Os ataques teriam começado em 2018, onde teve seu auge, afetando milhares de usuários, as invasões ainda continuaram em 2019 e 2020, mas com menos frequência. “A China reduziu os volumes de ataques em 2019, favorecendo a espionagem mais direcionada e provavelmente usando redes proxy no Caribe para conduzir seus ataques”, completou Miller.

Para realizar a espionagem, o especialista acredita que a china alugou redes de operadores caribenhas, mas condenou as operações usando a China Unicom, empresa que já foi acusada de quebra de privacidade outras vezes.

Em contato com o The Guardian, a companhia diz que “refuta veementemente as alegações de que a China Unicom se envolveu em ataques de vigilância ativa contra assinantes de telefonia móvel dos EUA usando acesso a redes de telecomunicações internacionais”.
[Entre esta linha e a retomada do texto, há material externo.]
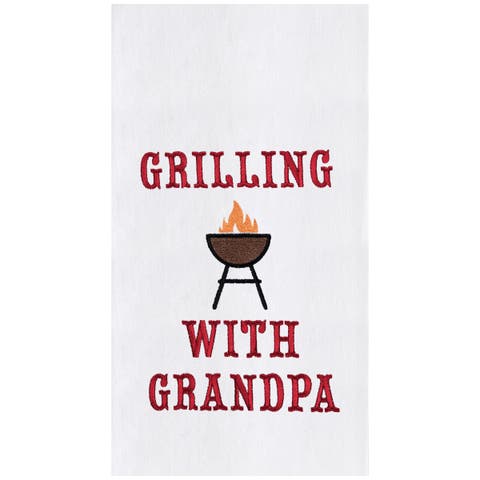 Grilling With Grandpa Father's Day Kitchen Embroidered Hand Towel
A embaixada chinesa em Washington também afirmou que: “A posição do governo chinês sobre a segurança cibernética é consistente e clara. Nos opomos firmemente e combatemos ataques cibernéticos de qualquer tipo. A China é uma defensora ferrenha da segurança cibernética”.

Desde abril, a Comissão de Comunicação Federal dos EUA (FCC) investiga suspeitas de que a China Union usaria sua tecnologia para espionar americanos. A nova descoberta pode fazer os EUA aumentaram as sanções contra o país asiático.